▶ _Task directions_: Omitting all images, set down every line below exactly as it appears.

▶ _Given information_:
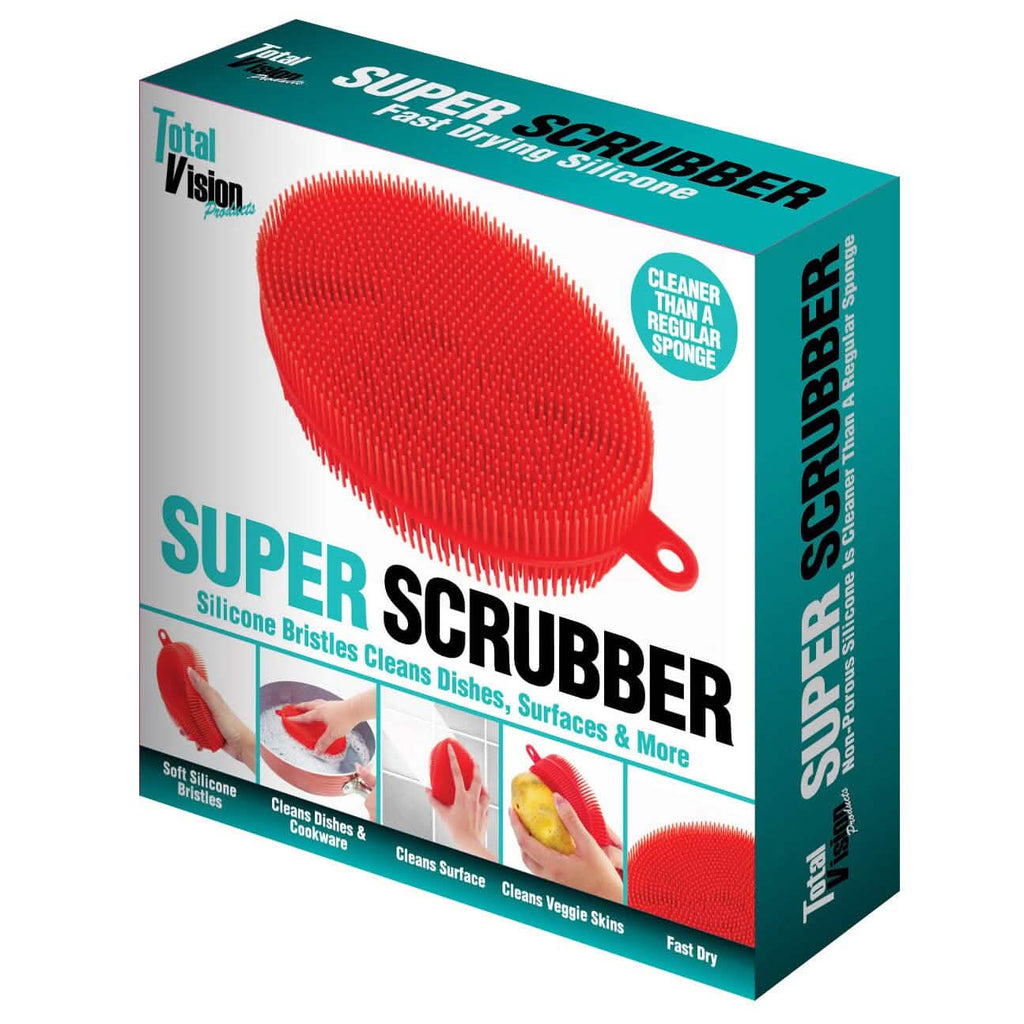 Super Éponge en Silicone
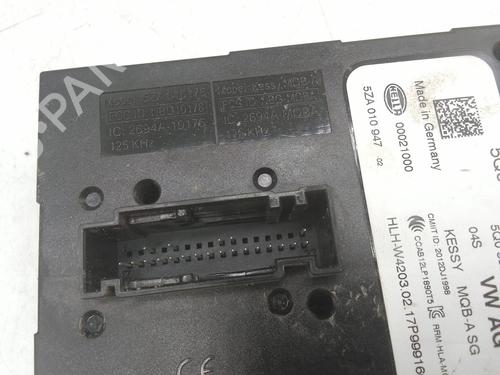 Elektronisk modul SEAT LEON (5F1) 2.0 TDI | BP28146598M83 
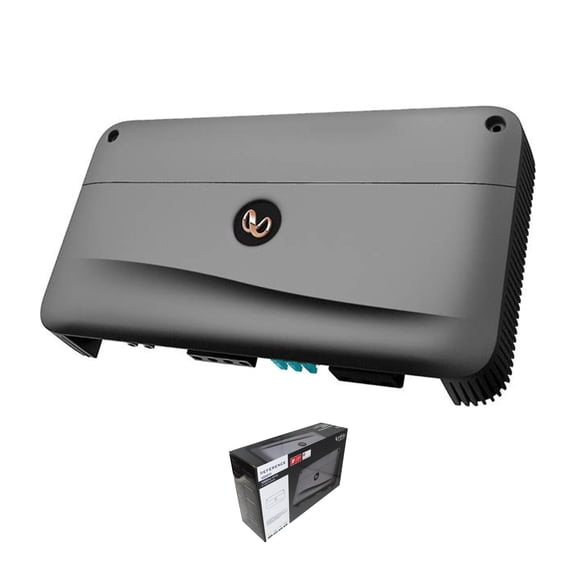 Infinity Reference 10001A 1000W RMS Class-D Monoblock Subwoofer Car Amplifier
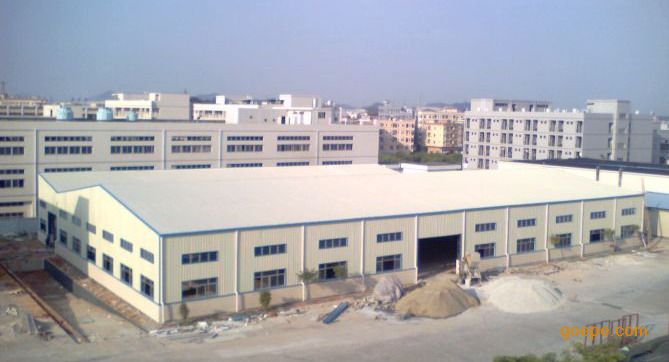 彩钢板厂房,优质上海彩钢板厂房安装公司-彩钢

▶ _Completed exercise_:
 Super Éponge en Silicone
 Elektronisk modul SEAT LEON (5F1) 2.0 TDI | BP28146598M83 
 Infinity Reference 10001A 1000W RMS Class-D Monoblock Subwoofer Car Amplifier
 彩钢板厂房,优质上海彩钢板厂房安装公司-彩钢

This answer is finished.